## DIRECTIONS
Please set down, unchanged, each line from the one with "Anime Screenshot" to the final line of the data below, both included. Drop the pictures.

<<<<

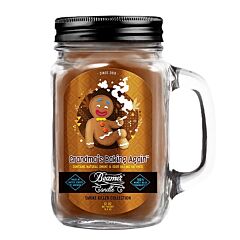 Beamer Candle Co - Grandma`s Baking Again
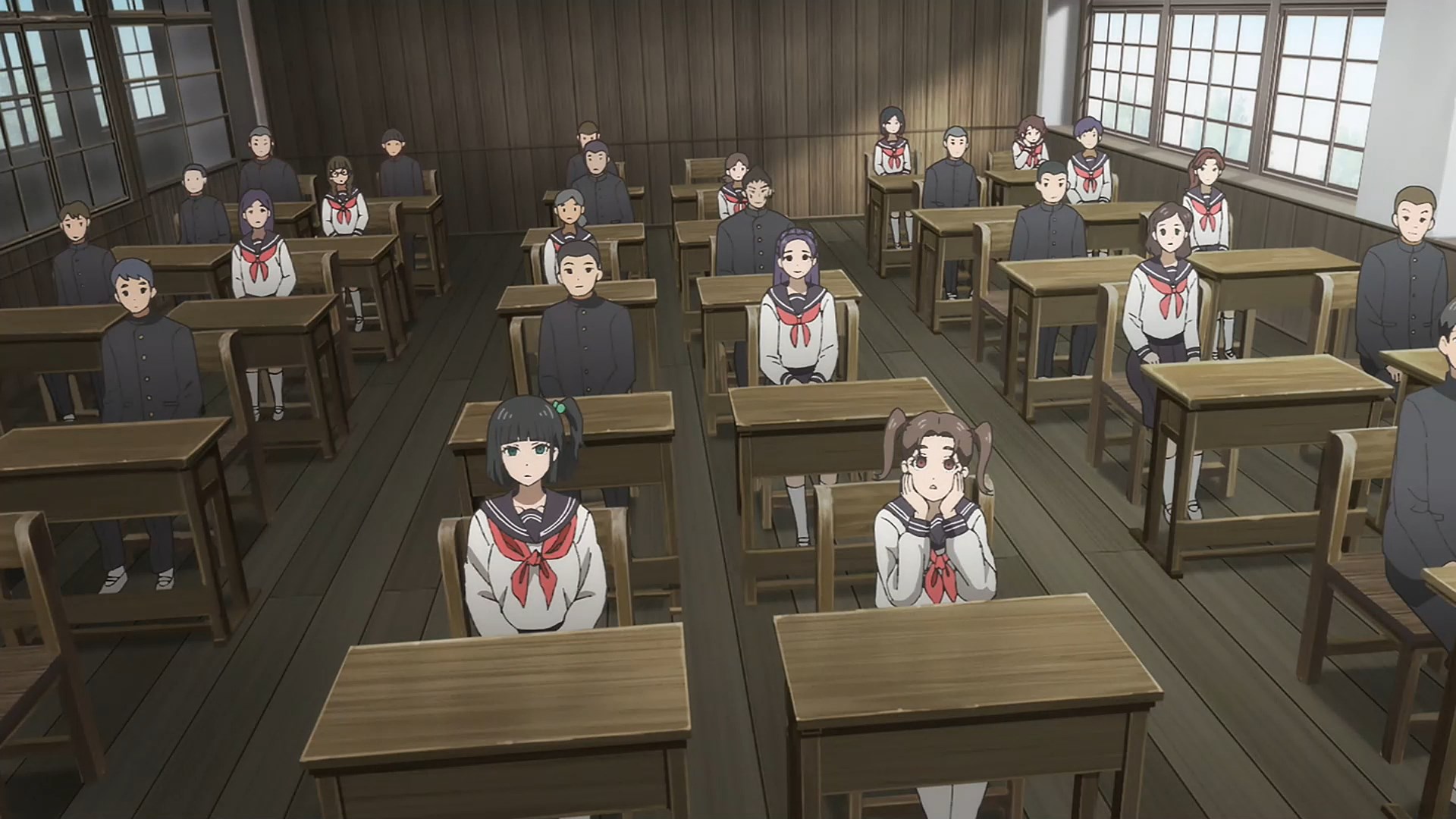 Anime Screenshot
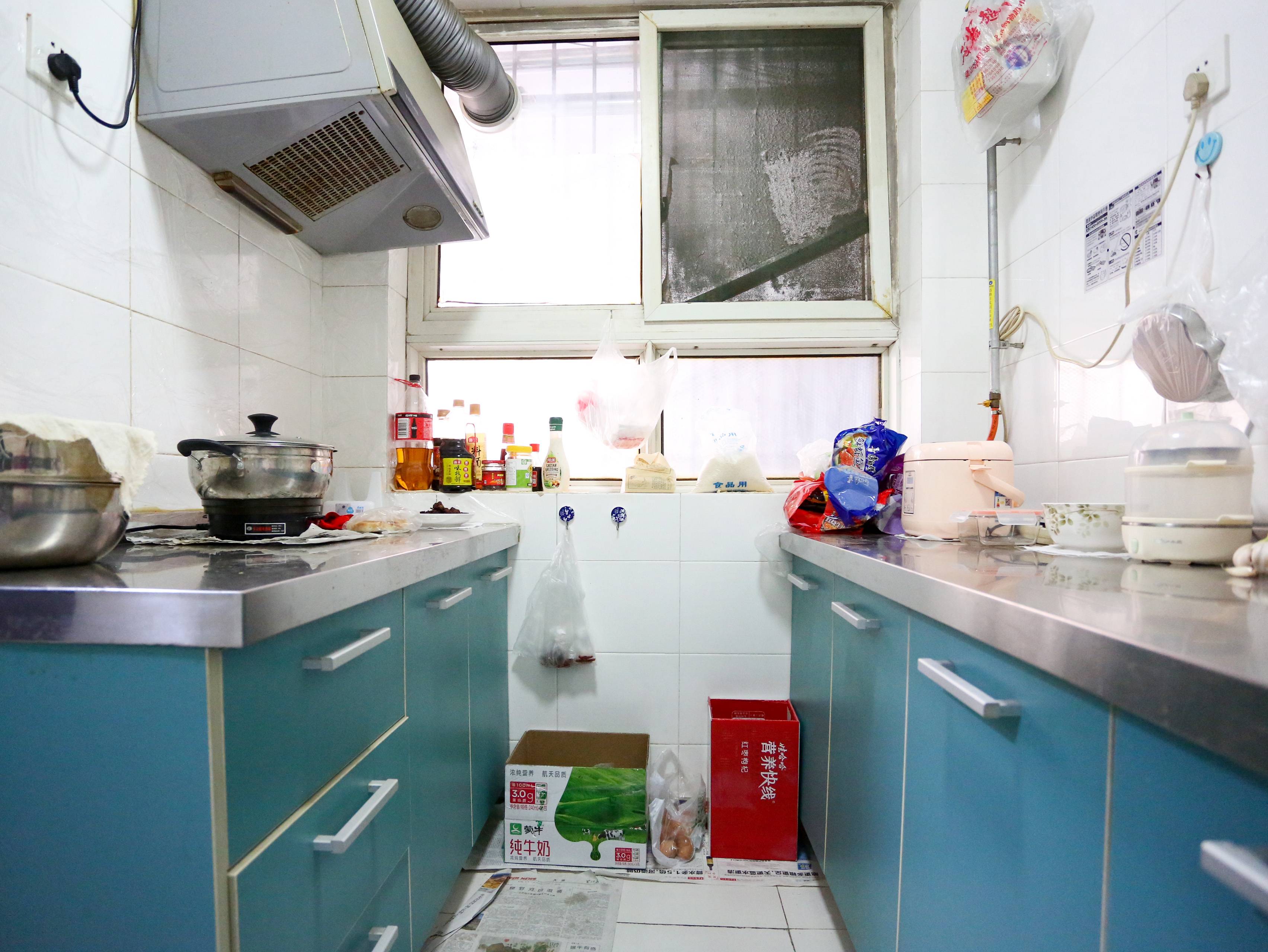 明湖小区东区四区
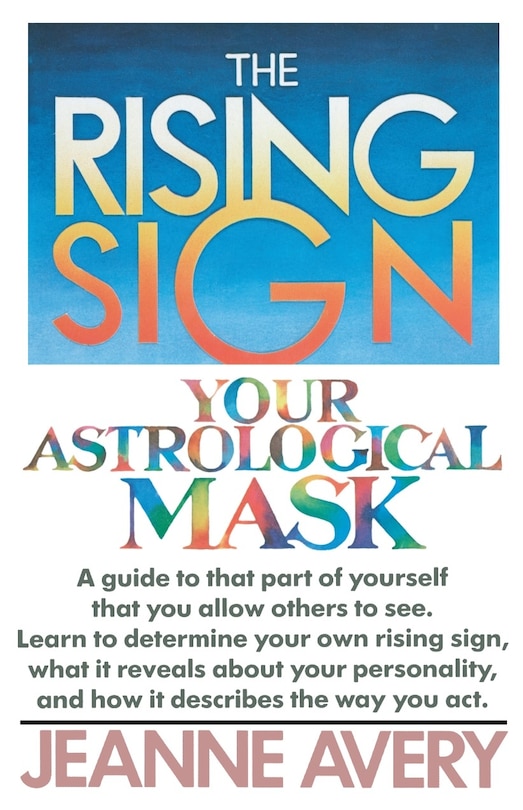 Couverture_The Rising Sign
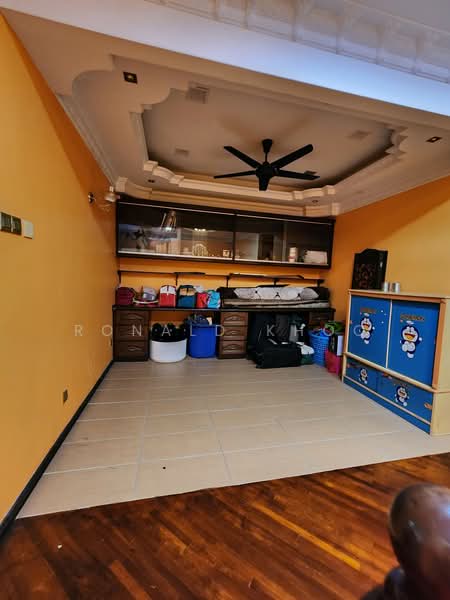 3-storey Terraced House for Sale in Usj 1 (Subang Jaya) - Ronald Khoo - Interior - PropertyGuru.com.my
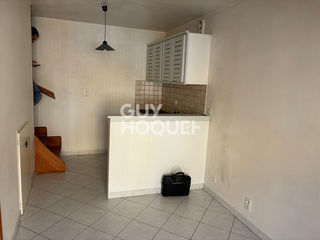  Maison � vendre 2 pi�ces 31 m�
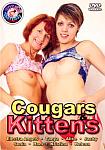 Cougars And Kittens featuring pornstar Electra Angels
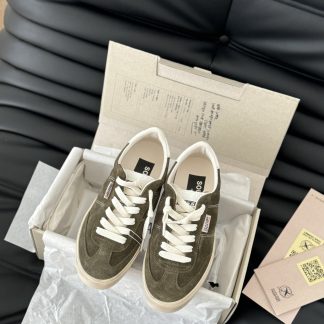 Golden Goose Casual Shoes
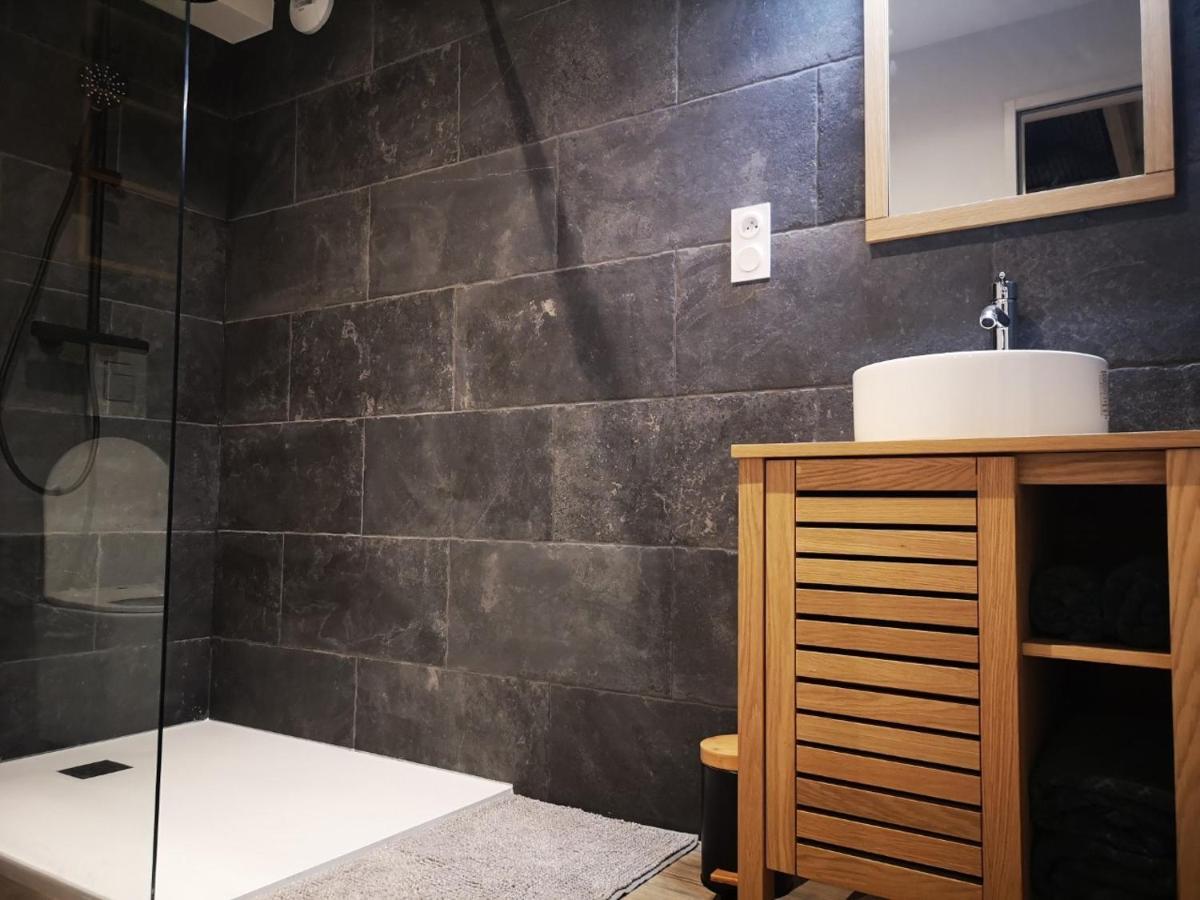 Duplex De Charme Hotel Seur Kültér fotó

>>>>

## EXERCISE RESPONSE
 Anime Screenshot
 明湖小区东区四区
 Couverture_The Rising Sign
 3-storey Terraced House for Sale in Usj 1 (Subang Jaya) - Ronald Khoo - Interior - PropertyGuru.com.my
  Maison � vendre 2 pi�ces 31 m�
 Cougars And Kittens featuring pornstar Electra Angels
 Golden Goose Casual Shoes
 Duplex De Charme Hotel Seur Kültér fotó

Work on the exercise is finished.